Поломка и ремонт инфраструктуры переносятся и на последующие коммеморативные практики, по сути, заменяя их. Информанты описывают такую «разруху» как «ненормальную», но поскольку система постоянно находится в подобном состоянии, «вечный ремонт» приводит к формированию особого социального порядка и особой культуры. О подобных «культурах ремонта» писал антрополог Ян Чипчейз, отмечая, что для некоторых локальных сообществ процесс починки позволяет создавать горизонтальные социальные связи, которые обеспечивают обмен ресурсами, товарами и помогают в формировании социального статуса человека, умеющего делать «ремонт»[55].

Церемония прощания в поле, где находится кладбище.

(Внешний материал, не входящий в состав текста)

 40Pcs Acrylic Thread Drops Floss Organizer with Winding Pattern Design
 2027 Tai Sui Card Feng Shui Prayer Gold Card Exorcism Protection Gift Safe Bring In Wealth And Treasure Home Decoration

Дочка автора, участвующая в ритуале ремонта на Пасху. В семье автора этих строк все религиозные праздники и каждое посещение кладбища сопровождаются уборкой могил, покраской оград, ремонтом памятников и т.д. Взаимодействие с инфраструктурой, с ее постоянными дисфункциями, трансформирует обряд общения с умершими в практики ремонта. Ремонт — это и есть поминание.

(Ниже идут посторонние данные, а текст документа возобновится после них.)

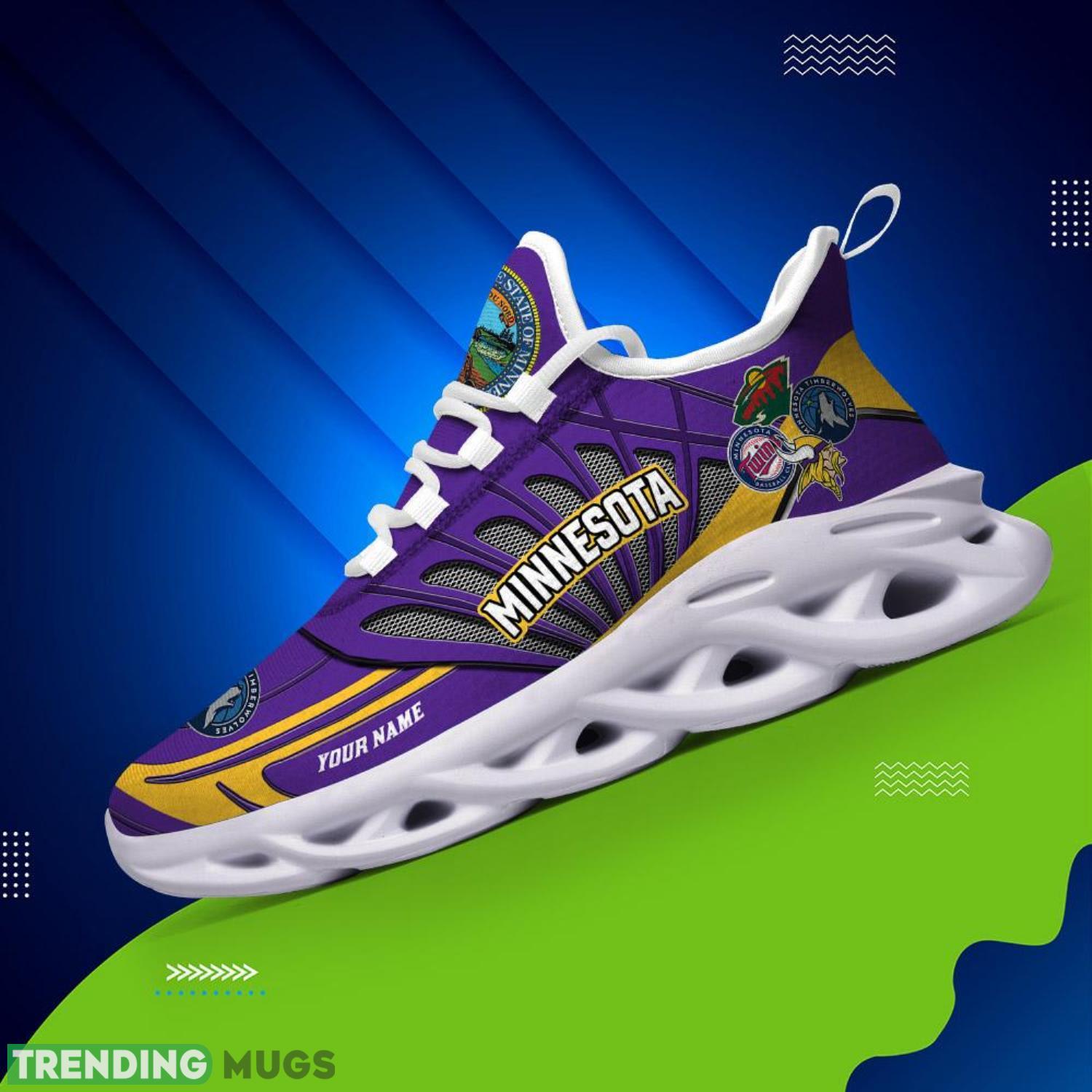 Minnesota Purple Clunky Max Soul Shoes Custom Name Max Soul Minnesota Purple Clunky Max Soul Shoes Custom Name Max Soul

Крайне показателен один из случаев, который произошел со мной в процессе полевой работы. В местной администрации небольшого поселения идет живое обсуждение технического проекта будущего колумбария и парка памяти. Владелец ритуального агентства хочет получить участок для строительства этого объекта и перечисляет самые различные аргументы в свою пользу. Наконец обсуждение доходит до вопроса финансирования и оплаты потенциальных услуг фирмы. Далее происходит следующий диалог:

Представитель администрации: А почему люди должны будут платить за этот ваш колумбарий?

Директор ритуального агентства: Потому что это нормально, когда люди платят за обслуживание. Они вносят каждый год абонентскую плату. Взамен мы всё чистим и красим. Мы планируем установить фонтаны, разбить парк, постоянно убирать мусор. Чтобы было не как у вас на муниципальном кладбище.

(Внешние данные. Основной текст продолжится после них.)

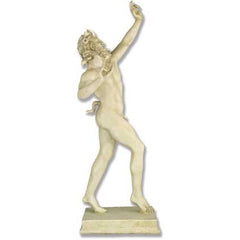 Dancing Faunus Pompeii 31 -  Greek & Roman Classical  Sculpture - XoticBrands Home Decor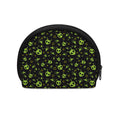 Cute Green Alien Pattern Print Coin Purse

Представитель администрации: Людям это не нужно. Что они сами тогда будут делать?

Директор ритуального агентства: Как что?! Скорбеть! С мертвыми общаться.

Представитель администрации: Нет, им ухаживать за могилами надо.

Из дальнейшего диалога становится понятно, с точки зрения представителя администрации, ритуальная практика поминовения усопших заключается в ремонте надгробных сооружений, покраске ограды, вывозе мусора и т.п. По мнению представителя администрации, если кто-то другой будет делать это за родственников усопших, то фактически это будет означать разрушение поминальной практики. Похоронно-поминальный обряд предполагает особый режим взаимодействия с материальным миром — постоянный его ремонт.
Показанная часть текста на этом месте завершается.